[[ Task material open ]]

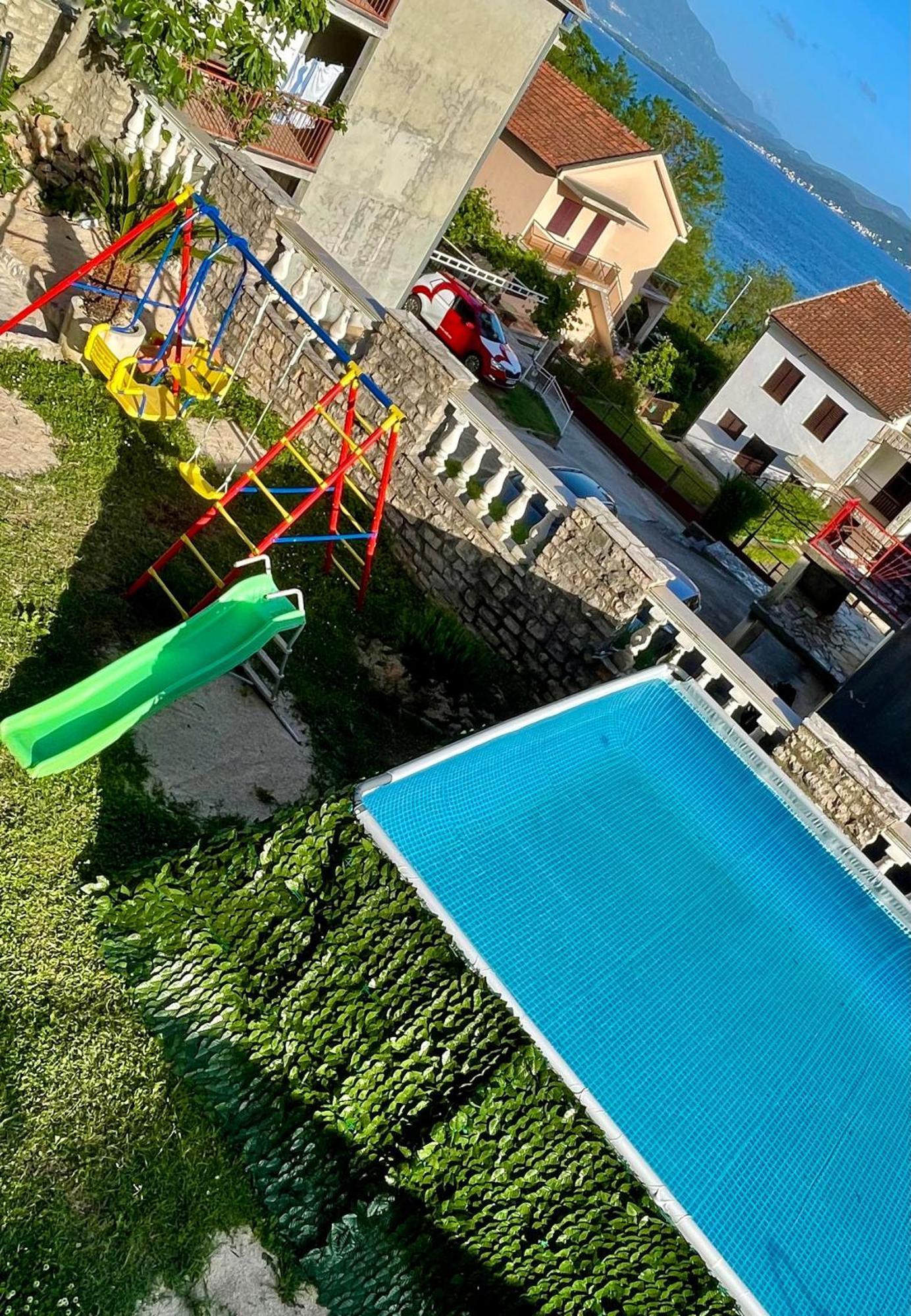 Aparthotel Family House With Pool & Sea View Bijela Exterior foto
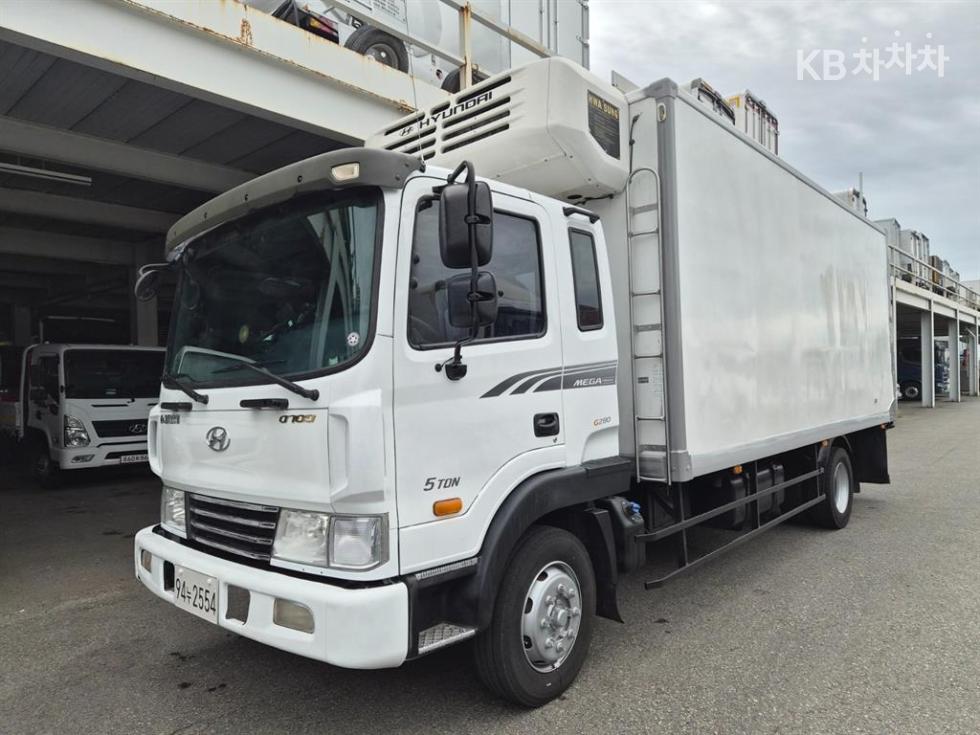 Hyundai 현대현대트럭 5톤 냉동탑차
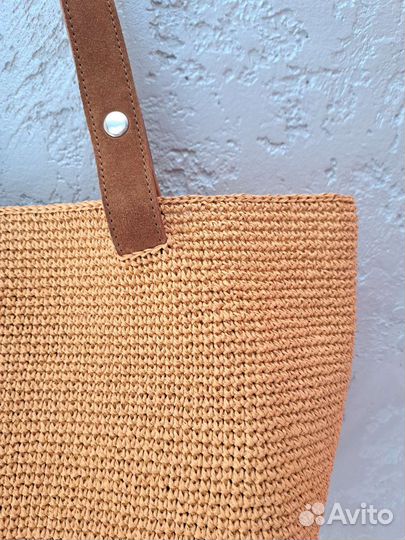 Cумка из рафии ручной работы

[[ Task material closed ]]
[[ Task material open ]]

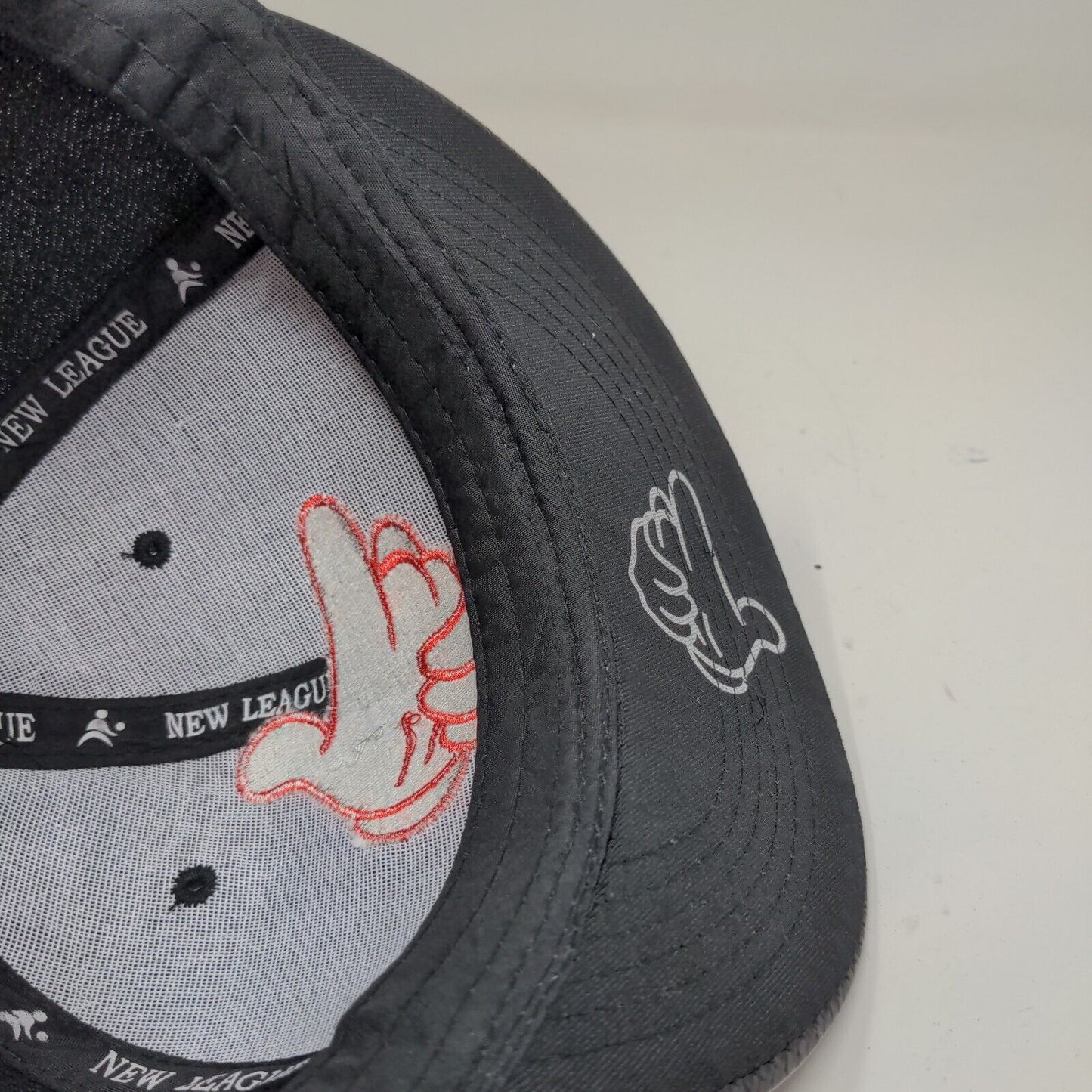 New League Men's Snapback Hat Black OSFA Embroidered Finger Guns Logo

[[ Task material closed ]]

*Task to carry out*. Look above for the line containing "Hyundai 현대현대트럭 5톤 냉동탑차" and the line containing "Cумка из рафии ручной работы", then reproduce both and everything between them exactly, pictures omitted.

*Response area*.
 Hyundai 현대현대트럭 5톤 냉동탑차
 Cумка из рафии ручной работы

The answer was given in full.